If your existing hosts have limited disk space, you may prefer to first redistribute smaller tables (such as dimension tables) to clear space to store a copy of the largest table. Available disk space on the original segments increases as each table is redistributed across the expanded array. When enough free space exists on all segments to store a copy of the largest table, you can redistribute large or critical tables. Redistribution of large tables requires exclusive locks; schedule this procedure for off-peak hours.

Also consider the following:
  • Run multiple parallel redistribution processes during off-peak hours to maximize available system resources.
  • When running multiple processes, operate within the connection limits for your Greenplum system. For information about limiting concurrent connections, see Limiting Concurrent Connections.

Redistributing Append-Optimized and Compressed Tables

gpexpand redistributes append-optimized and compressed append-optimized tables at different rates than heap tables. The CPU capacity required to compress and decompress data tends to increase the impact on system performance. For similar-sized tables with similar data, you may find overall performance differences like the following:
  • Uncompressed append-optimized tables expand 10% faster than heap tables.
  • zlib-compressed append-optimized tables expand at a significantly slower rate than uncompressed append-optimized tables, potentially up to 80% slower.
  • Systems with data compression such as ZFS/LZJB take longer to redistribute.
Important: If your system nodes use data compression, use identical compression on new nodes to avoid disk space shortage.

Redistributing Tables with Primary Key Constraints

There is a time period during which primary key constraints cannot be enforced between the initialization of new segments and successful table redistribution. Duplicate data inserted into tables during this period prevents the expansion utility from redistributing the affected tables.

After a table is redistributed, the primary key constraint is properly enforced again. If an expansion process violates constraints, the expansion utility logs errors and displays warnings when it completes. To fix constraint violations, perform one of the following remedies:
  • Clean up duplicate data in the primary key columns, and re-run gpexpand.
  • Drop the primary key constraints, and re-run gpexpand.

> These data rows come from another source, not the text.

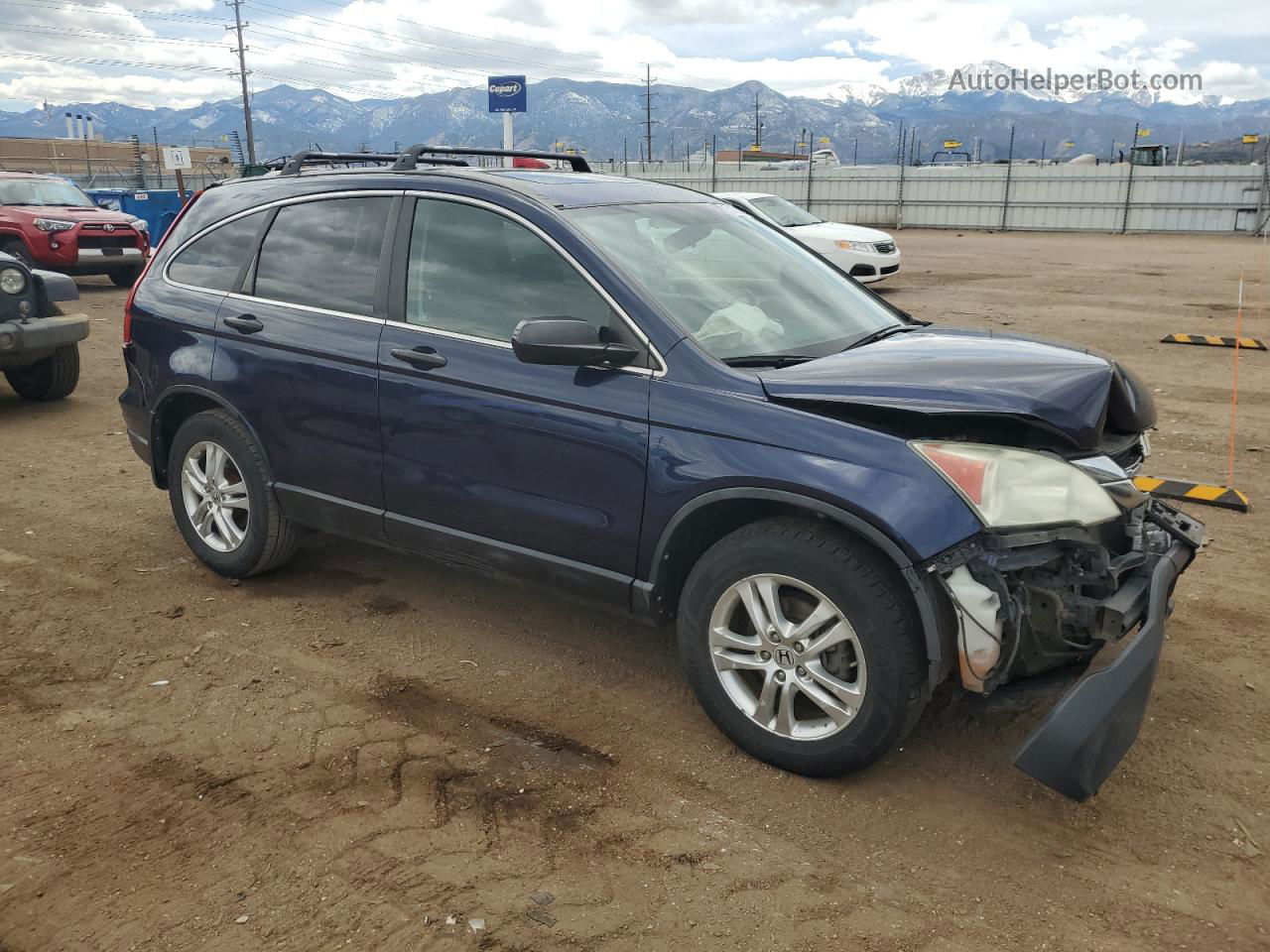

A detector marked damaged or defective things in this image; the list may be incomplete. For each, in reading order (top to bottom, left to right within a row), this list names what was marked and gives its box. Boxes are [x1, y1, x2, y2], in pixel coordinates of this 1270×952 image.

crumpled hood [756, 327, 1158, 451]
damaged front end of suv [756, 327, 1204, 796]
missing front bumper [1010, 518, 1199, 801]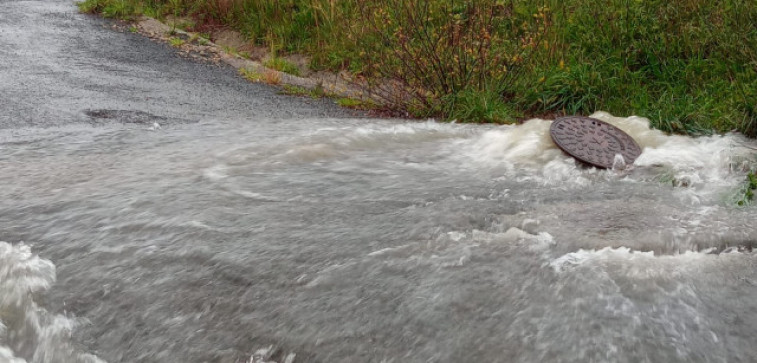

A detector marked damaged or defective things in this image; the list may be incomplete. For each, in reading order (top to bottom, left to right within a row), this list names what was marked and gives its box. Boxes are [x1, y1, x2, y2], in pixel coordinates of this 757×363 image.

rusty manhole cover [548, 116, 640, 169]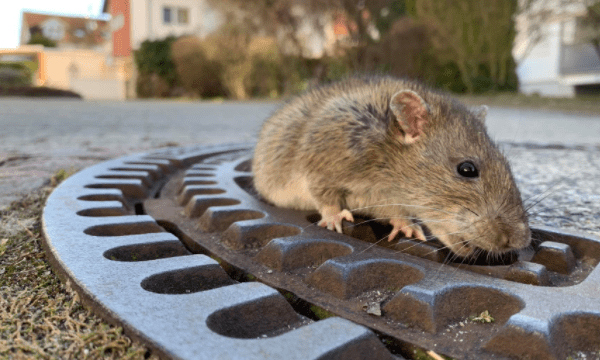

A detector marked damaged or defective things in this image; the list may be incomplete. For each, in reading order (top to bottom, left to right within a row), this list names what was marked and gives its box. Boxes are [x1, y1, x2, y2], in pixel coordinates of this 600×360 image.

Redistributing Tables with User-Defined Data Types

You cannot perform redistribution with the expansion utility on tables with dropped columns of user-defined data types. To redistribute tables with dropped columns of user-defined types, first re-create the table using CREATE TABLE AS SELECT. After this process removes the dropped columns, redistribute the table with gpexpand.

Redistributing Partitioned Tables

Because the expansion utility can process each individual partition on a large table, an efficient partition design reduces the performance impact of table redistribution. Only the child tables of a partitioned table are set to a random distribution policy. The read/write lock for redistribution applies to only one child table at a time.

Redistributing Indexed Tables

Because the gpexpand utility must re-index each indexed table after redistribution, a high level of indexing has a large performance impact. Systems with intensive indexing have significantly slower rates of table redistribution.